Jeszcze przed sezonem, kiedy dopiero oczekiwano na zmianę przepisów, były spore obawy co do tego jak będzie wyglądał w praktyce odbiór nieczystości. Rewolucja śmieciowa nie ominęła ośrodka wypoczynkowego.
Już wiosną samorządy zapowiadały likwidację dużych, zbiorczych kontenerów. Każdy właściciel działki został zobligowany, aby złożyć deklarację, określić się czy będzie dokonywał selektywnej zbiórki i potem wnieść opłatę.
Śmieci tylko na działce
Kiedy w życie weszły nowe przepisy zabrano z ulicy pojemniki na szkło i plastik. Segregacja ma się odbywać "u źródła", czyli na działkach. Po kilku tygodniach funkcjonowania nowych zasad pozbywania się nieczystości zdania na temat jego efektywności są podzielone. Już na początku wakacji pojawiły się głosy, że duże pojemniki na szkło i plastik nadal powinny stać w ogólnodostępnych miejscach. Zdaniem innych nowy system się sprawdza. Choć wójt gminy Jeziora Wielkie przyznaje, że nie udało się wyeliminować wieloletniego problemu Przyjezierza - podrzucania śmieci.
- Nadal ten proceder jest uprawiany - podkreśla Zbysław Woźniakowski.
Gmina Jeziora Wielkie ponosi koszty sprzątania ośrodka, w tym wywożenia ton odpadów z plaży i ulic.
Przed wakacjami urząd gminy zapowiadał kontrole. Chodziło o sprawdzanie, czy osoby deklarujące, że z działek nie korzystają, faktycznie na nich nie bywają. Sprawdzeni mieli być także, ci którzy nie odpowiedzieli na prośby o złożenie deklaracji.
W części Przyjezierza należącej do Jezior Wielkich nie wpłynęły deklaracje ze 107 nieruchomości.
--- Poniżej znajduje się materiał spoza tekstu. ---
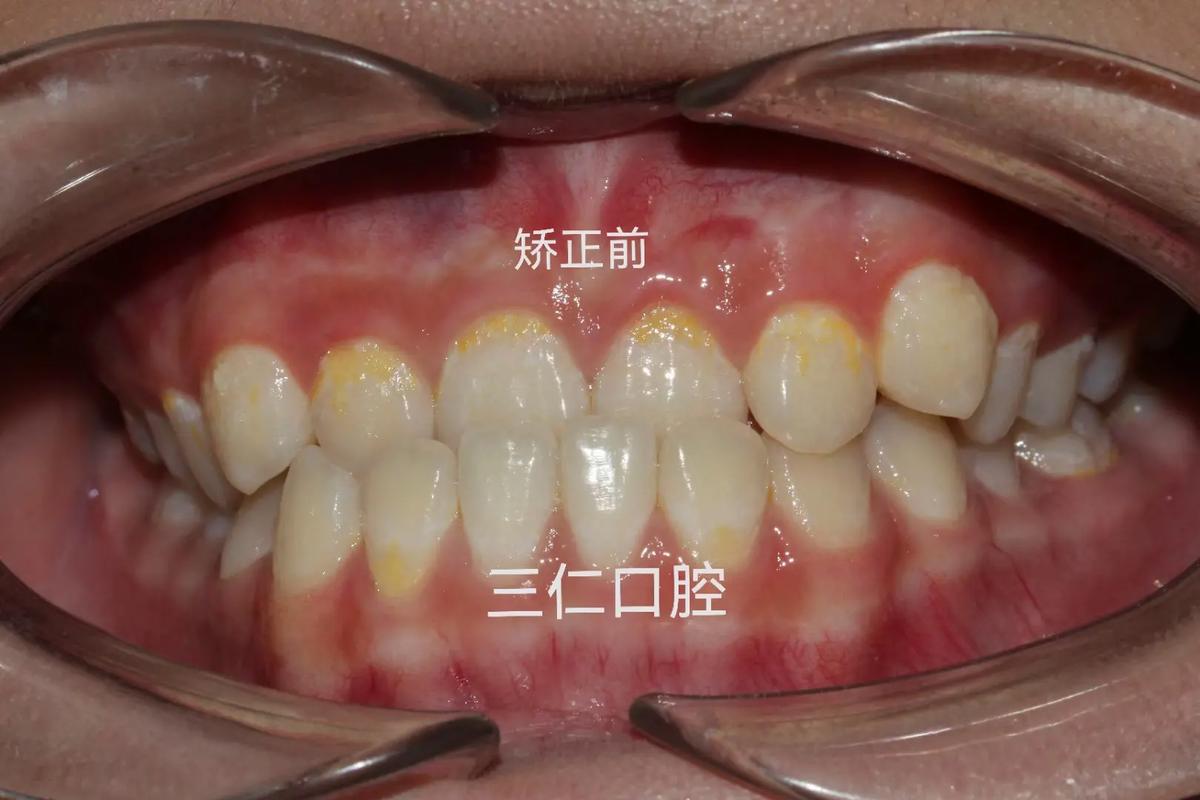 上海种一颗牙矫正价格是多少 看完这篇心里有数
Do ich właścicieli wysłano ponaglenia.
Nie mieszkają to nie płacą
- Czas na złożenie deklaracji był do końca maja, były spotkania z działkowcami, ogłoszenia - przypomina wójt Zbysław Woźniakowski.
Na części Przyjezierza należącej do Jezior Wielkich jest około 600 działek. Ich właściciele mają teraz czas do 15 października, aby zapłacić za wywóz. Ustalono bowiem kwartalny system poboru opłat.
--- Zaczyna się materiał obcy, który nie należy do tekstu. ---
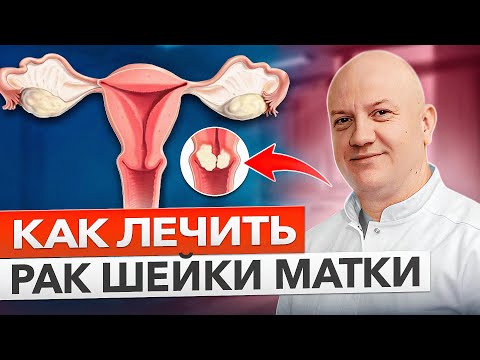 Видео: Вот что нужно знать про РАК ШЕЙКИ МАТКИ!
Tymczasem w strzeleńskim ratuszu przyznają, że na swoich działkowców nie mogą narzekać. Jak usłyszeliśmy większość właścicieli nieruchomości złożyła deklaracje "śmieciowe". Policzono podatników i ustalono, że powinny wpłynąć 183 deklaracje, a jest ich 158. Dziesięć osób złożyło zaświadczenie, że na ich nieruchomości nie ma domku, więc nie mieszkają tam i nie produkują śmieci. Jak usłyszeliśmy to niezły wynik, bo spodziewano się, że więcej osób nie będzie kwapiło się, aby zdeklarować się, że będą płacić za usuwanie śmieci.